Friday 22 June 2012

Nice Weather for Ducks

'Nice weather for ducks' was a common expression in my youth, but I haven't heard it for a while. It seems to be the only thing to say about the weather we're having just now. It's been wet. It's been very wet. It's been so wet that yesterday I had to put my jacket in the tumble-dryer as soon as I got home. Once the idea of ducks had come into my mind it seemed like a good opportunity to tell the story of this little chap.

I realise that a picture of a plastic duck doesn't quite fulfil my promise of 'a nice photo with every post', so here's one of a real bird that also copes well with the rain. There is almost always a heron to be seen around the Tweed estuary, standing motionless, staring down into the water, waiting for a fish, and if anything they are out more often in the rain. It's probably easier to see the fish when the sky is so grey. To learn more about the living birds of the area, look at the Farne Islands blog (on the list in my profile). It's always full of lovely photos and inspiring stories of the wildlife of the islands, but over the last few days even the Farnes writer seems to have run out of things to say except 'it's still raining'.

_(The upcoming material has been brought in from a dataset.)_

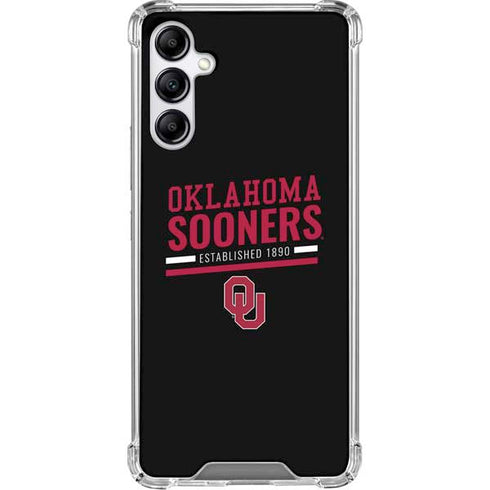 University of Oklahoma Sooners Est 1890 Gabb Phone 4 Clear Case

Anyway, back to the plastic duck. I found it on the beach a few weeks ago and got tremendously excited because I'd seen stories in the press about a flotilla of plastic ducks lost overboard from a container ship which was being tracked as a way of monitoring the circulation patterns of marine litter. I rushed back home and searched online for a description of them. Alas, this one didn't quite fit. Disappointed but still full of zeal to help with the fight against the junk which is polluting our oceans, a subject about which I feel very strongly, I read more about the work of Curtis Ebbemeyer, the American researcher behind the duck monitoring project. I then got excited all over again when I learned that a lost consignment of Nike trainers was also being tracked. Wow, I found a brand new looking trainer on the beach not long ago!  I got so carried away that I emailed the project to ask if I could help. They were polite but seemed to feel that my outpost on the North Sea was unlikely to receive any of the items they were monitoring.

I was forced to the conclusion that the trainer was much more likely to have just been dropped by a visitor, though I still don't quite understand why it wasn't on his foot, and why it looked so clean. I've found plenty of other unexpected items on the beaches around the Tweed estuary.  A model Shrek. A nearly new palette of eye make-up and a full can of body glitter spray. A whole vacuum cleaner. Less surprisingly, an awful lot of odd gloves and balls of every size and description left behind by dogs who got tired of retrieving them. Most of all though the beaches of Berwick and Spittal are disappearing beneath countless tonnes of plastic drinks bottles. Every bottle thrown into the Tweed upstream ends up on these beaches eventually. Every few months Spittal has an organised litter collection on the beach, but that's nothing like enough to keep up with the problem. I sometimes imagine that eventually the estuary will be so silted up with litter that it will be possible to walk across it without using any of the bridges. I once read that this was the reason for the disappearance of many small rivers that used to run through cities, such as the Fleet in London - they just had so much rubbish chucked in them that the water stopped flowing.

So how did the yellow bathtime playmate end up on the beach?  The answer hit me over the Jubilee weekend when I saw an item in the local paper about a duck race being held as part of the festivities. The photo showed dozens of plastic ducks just like this one being thrown into the river for a light-hearted wager on which one would pass the finishing point of the race first. Far from coming all the way from a lost shipment in the Pacific, my duck was almost certainly an escapee from a previous local race. Oh well.